While I won’t suggest that humanists should take a more natural-scientific approach to research, beginning with a specific hypothesis and pre-specified data that could either confirm or deny it, we should look to them for inspiration on how to plan research. Thinking about what sort of specific analyses you’d like to perform with the data at the end can reasonably constrain what you try to collect from the beginning. Think about what bits of data are redundant, or would yield diminishing returns on your time and money investment of data collection.

Being Comfortable With Imperfection

In her blog post, Lisa wrote about her experience at MITH. She had a four month fellowship to research 4,500 poems; she could easily have spent the whole time collecting increasingly minute data about each poem. In the end, she settled on only collecting the gender of the poet and whether the poem pertained to a work of art, opting not to include information like when each poem was published, what work of art it referred to, etc. She would then go in later and use other large-scale analytic tools (like text analysis), augmenting those results with the tags she entered about each poem.

A lot of valuable, rich information was lost in this data collection, but the important thing is that Lisa was still able to go in with a specific question, and collect only that which she needed most to explore it. The data may not have been perfect, and they may not have described everything, but they were sufficient and useful.

Her story reminded me a  lot of my undergraduate years. I spent all of them collecting data on early modern letters for my old advisor. Letters, of course, generally have various locations and dates attached to them, and this presented us with no end of problems. Sometimes the places mentioned were cities, or houses, or states; granularities differed. Over the course of two hundred years, cities would change names, move, or wink out of or into existence entirely. Sometimes they would subsumed into new or different empires. Computers, unfortunately, need fairly regularized data to perform comparative analyses, so we had to make a lot of editorial decisions when entering locations that would make answering our questions easier, but would lose some of the nuance otherwise available.

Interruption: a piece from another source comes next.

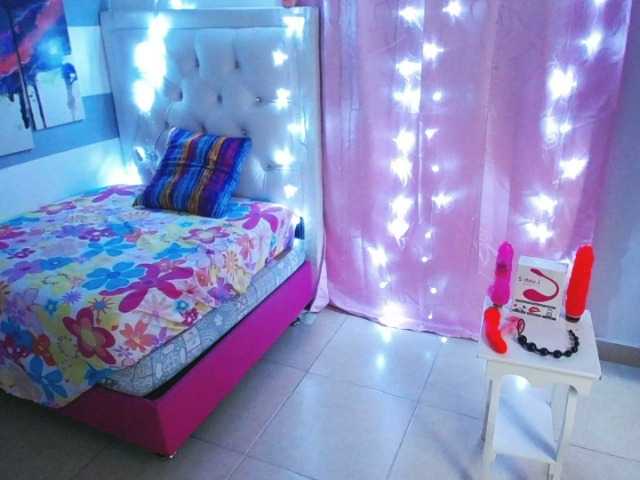 Screenshot di trasmissione ashly-queens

Similarly, my colleague Jeana Jorgensen recently spent several months painstakingly hand-collecting data about the usage of body parts in fairy tales for her dissertation. Of particular interest in her case was the overtly interpretive layer she added to the collection; for example, did a reference somehow embody the “grotesque?” By allowing herself the freedom to use interpretive frameworks, she embraced the subjective nature of data collection, and was able to analyze her data accordingly.

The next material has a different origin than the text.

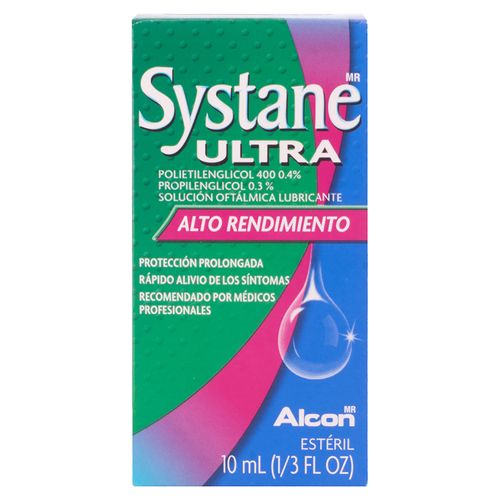 Systane Ultra Gotas 10 Ml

Of course, by allowing this sort of humanistic nuance, the amount of data one could collect for any single sentence is effectively infinite, and so Jeana had to constrain herself to only collecting for that which she could eventually use. It nevertheless took her months of daily collection, but if she tried to make her data perfect or complete, it would have taken her over a lifetime. She still managed to produce really interesting and thoughtful results for her dissertation.

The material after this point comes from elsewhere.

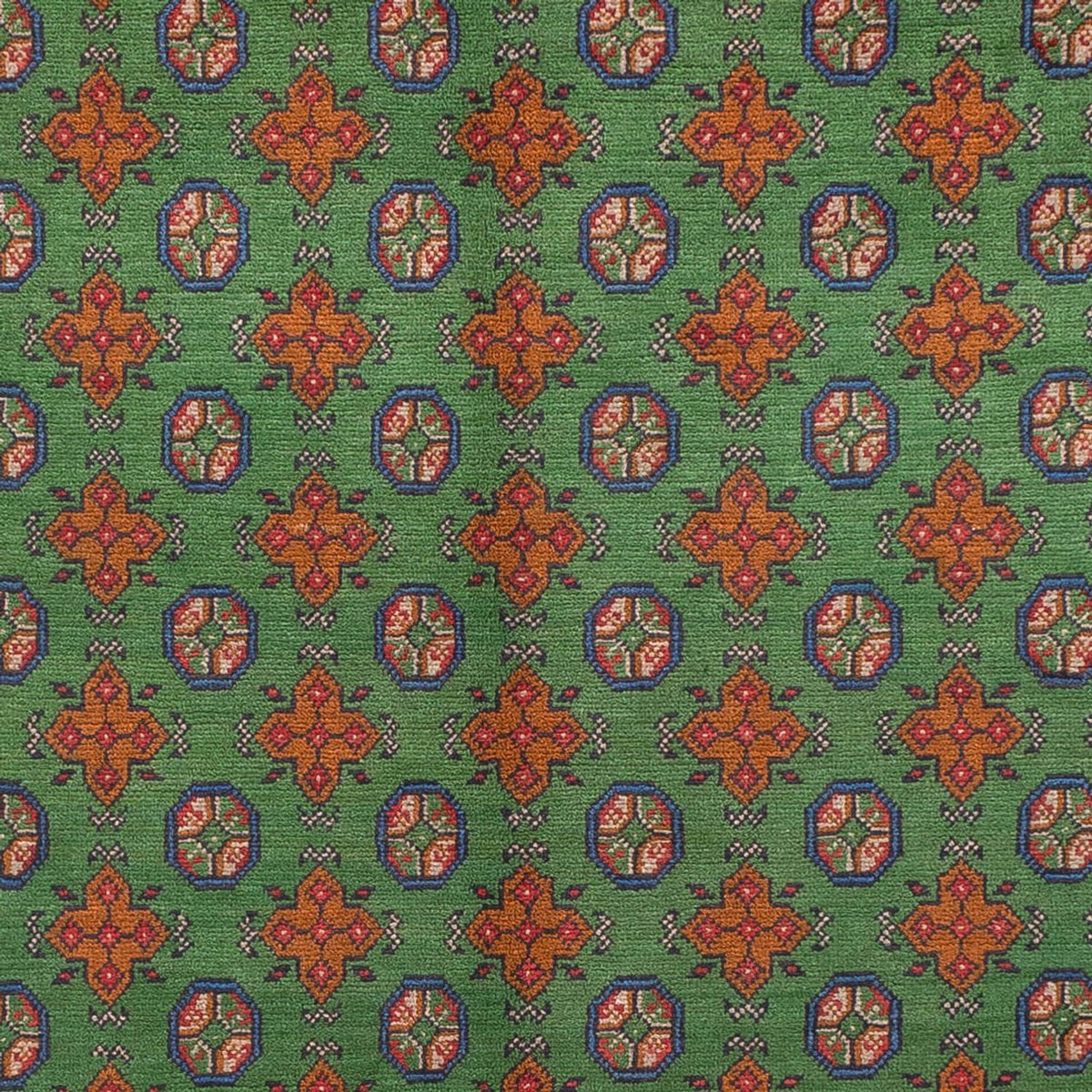 Tappeto afgano - Filpa - 393 x 296 cm - verde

Perfect or complete data is impossible in the humanities. The best we can do is not as much as we can, but as much as we need. There is a point of diminishing return for data collection; that point at which you can’t measure the coastline fast enough before the tides change it. We as humanists have to become comfortable with incompleteness and imperfection, and trust that in aggregate those data can still tell us something, even if they can’t reveal everything.

We can still see the landscape, even though not every piece is in place.

The trick and art is knowing the right halting conditions. How much is too much? What data will actually be useful? These are not easy questions, and their answers differ for every project. The important thing to remember is to just do it. Too many projects get hung up because they just haven’t quite collected enough yet, or if they just spend a few more months cleaning their data will be so much better. There will never be a point when your data are perfect. Do your analysis now, release it, and be comfortable with the fact that you’ve fairly accurately mapped the coastline, even if you haven’t quite worked out the jitters of the tides.